Scheduling
Kurzzusammenfassung
- Scheduling steuert, wann Deployments für EOD, Backfills und Retraining laufen.
- Business-Nutzen: stabile Lieferzeiten für Portfolio-Entscheidungen und Reports.
- BPMN-Leitpfad: Task
Plan schedule→ GatewayTrigger + capacity valid?→ OutcomeRun queued/deferred. - Betriebsregel: Ohne Retry-/Timeout-/Escalation-Profil keine produktive Aktivierung.
Ziel
Jedes Deployment besitzt einen belastbaren Triggerplan (Zeit/Event), Kapazitätsgrenzen und klare Eskalation bei Verzögerungen.
Ablauf
| BPMN-Schritt | Mechanik (Task/Gateway/Outcome) | Artefakte & Verantwortlich |
|---|---|---|
| Task: Define schedule | Cron/Interval/Event inkl. Zeitzone und Wartungsfenster konfigurieren | Artefakt: Schedule Config; Responsible: MLOps |
| Task: Configure runtime policies | Retries, Timeout, Concurrency, Late-Run-Verhalten setzen | Artefakt: Runtime Policy; Responsible: Platform Team |
| Gateway: Trigger + capacity valid? | Prüft Konflikte mit kritischen Jobs (EOD, Scoring) | Nein: Deferred + Alert; Accountable: Platform Owner |
| Outcome: Queue/defer run | Ausführung oder Aufschub mit Grundcode | Artefakt: Scheduler Event |
Kontrollen
Governance- und Risiko-Aspekte
- Priorität produktiver EOD-Flows vor Backfills.

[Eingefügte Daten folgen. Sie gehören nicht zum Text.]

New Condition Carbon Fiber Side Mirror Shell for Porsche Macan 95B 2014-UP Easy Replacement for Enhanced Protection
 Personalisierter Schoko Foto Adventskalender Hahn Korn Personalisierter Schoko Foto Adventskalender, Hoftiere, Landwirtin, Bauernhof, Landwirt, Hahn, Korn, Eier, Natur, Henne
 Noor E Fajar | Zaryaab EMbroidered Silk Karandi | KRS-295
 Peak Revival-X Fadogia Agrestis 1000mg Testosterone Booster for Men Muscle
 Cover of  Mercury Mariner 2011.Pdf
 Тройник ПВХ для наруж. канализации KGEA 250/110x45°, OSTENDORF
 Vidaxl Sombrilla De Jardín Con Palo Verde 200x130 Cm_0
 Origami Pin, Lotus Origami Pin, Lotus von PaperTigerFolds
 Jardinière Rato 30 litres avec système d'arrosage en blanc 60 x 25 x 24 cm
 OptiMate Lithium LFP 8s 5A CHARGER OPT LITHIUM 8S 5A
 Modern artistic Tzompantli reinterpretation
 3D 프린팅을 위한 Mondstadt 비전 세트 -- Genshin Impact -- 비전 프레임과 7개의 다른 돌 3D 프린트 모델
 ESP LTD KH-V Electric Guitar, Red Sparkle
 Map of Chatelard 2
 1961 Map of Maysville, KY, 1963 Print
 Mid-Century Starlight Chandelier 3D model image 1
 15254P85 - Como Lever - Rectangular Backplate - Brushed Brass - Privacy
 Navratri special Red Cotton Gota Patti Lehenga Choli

- Event-Trigger sind idempotent und auditierbar.
- Häufige Deferrals werden als Betriebsrisiko gemeldet.
Messbare Akzeptanzkriterien
| Kriterium | Grenzwert | Verantwortlich | Eskalation |
|---|---|---|---|
| Erfolgreich gestartete geplante Runs | ≥ 99 % / Woche | MLOps | < 98 %: P2 Incident |
| Deployments mit Retry+Timeout-Profil | 100 % | Platform Team | fehlend: Activation Block |
| Deferral-Dauer bei Kapazitätskonflikt | ≤ 30 min | Platform Ops | > 60 min: Incident Manager |
Entscheidung
- Triggerplan und Runtime-Policy sind freigegeben.
- Capacity-Gateway ist automatisiert und nachvollziehbar.
- Eskalationszeiten für Deferrals sind verbindlich.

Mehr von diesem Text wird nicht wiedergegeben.